Discussion:
[linux-lvm] Check of pool ernie/cache failed (status:1). Manual repair required!
Dennis Schridde
2018-05-12 11:30:36 UTC
Permalink
Hello!
# lvchange -ay ernie/system
Check of pool ernie/cache failed (status:1). Manual repair required!
# lvconvert --repair ernie/system
bad checksum in superblock
Repair of cache metadata volume of cache ernie/system failed (status:1).
Manual repair required!
How do I recover from this situation and repair the volume group?
For a full log, including the output of pvdisplay, vgdisplay and lvdisplay
-a, please see attached log file.

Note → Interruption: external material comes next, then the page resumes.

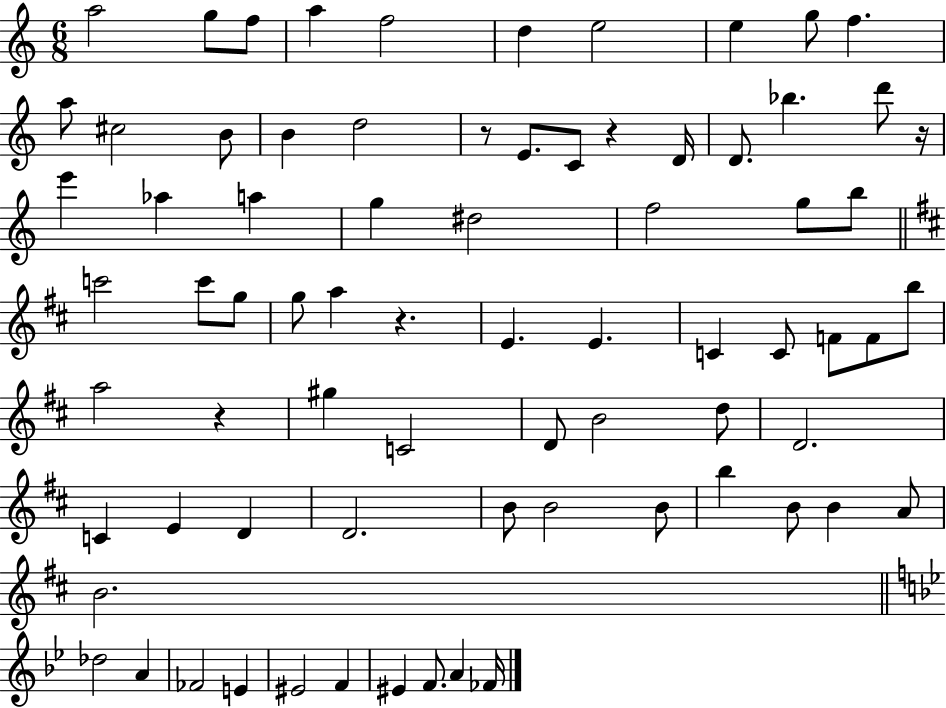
A5/h G5/e F5/e A5/q F5/h D5/q E5/h E5/q G5/e F5/q. A5/e C#5/h B4/e B4/q D5/h R/e E4/e. C4/e R/q D4/s D4/e. Bb5/q. D6/e R/s E6/q Ab5/q A5/q G5/q D#5/h F5/h G5/e B5/e C6/h C6/e G5/e G5/e A5/q R/q. E4/q. E4/q. C4/q C4/e F4/e F4/e B5/e A5/h R/q G#5/q C4/h D4/e B4/h D5/e D4/h. C4/q E4/q D4/q D4/h. B4/e B4/h B4/e B5/q B4/e B4/q A4/e B4/h. Db5/h A4/q FES4/h E4/q EIS4/h F4/q EIS4/q F4/e. A4/q FES4/s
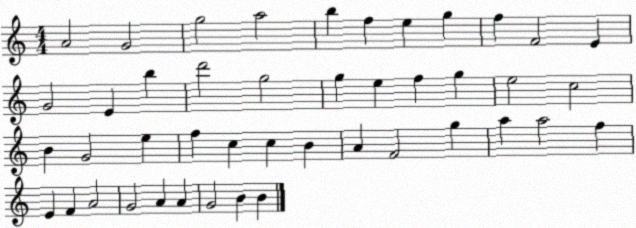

If more information is necessary, please
ask.
I am using one of the infamous AMD Ryzen 2400G with an AMD B350 chipset,
which suffers from random lockups related to CPU C-states [1]. With the
recent AGESA 1.0.0.2a firmware update and the introduction of the "Power
Supply Idle Control = Typical Current Idle" setting, the system is stable,
if it boots at all. But it often takes several attempts to boot -- the
failed attempts ending in weird firmware / EFI or CPU / idle related Linux
kernel stack traces, which sometimes even require a hard reset, since
soft-reboot (ctrl+alt +del) sometimes has no effect, because init dies.
This was such a situation, where I had to reboot (ctrl+alt+del) and reset
(hard) the system several times, at the end of which everything seemed
fine, except that dracut was timing out when activating the disks.
Debugging the situation using a Fedora 28 live system resulted in the
attached log file.
--Dennis
[1]: https://bugzilla.kernel.org/show_bug.cgi?id=196683
P.S. I already found older posts [2,3] describing a similar scenario. At the
time a recovery was impossible for the user, but it seems that the situation
improved somewhat since then. However, I am still stick, with `lvconvert --
repair` asking me to repair "manually" (whatever that means), `cache_dump --
repair` not being able to operate on non-active LVs and LVM refusing to
activate the LV as long as it has not been repaired.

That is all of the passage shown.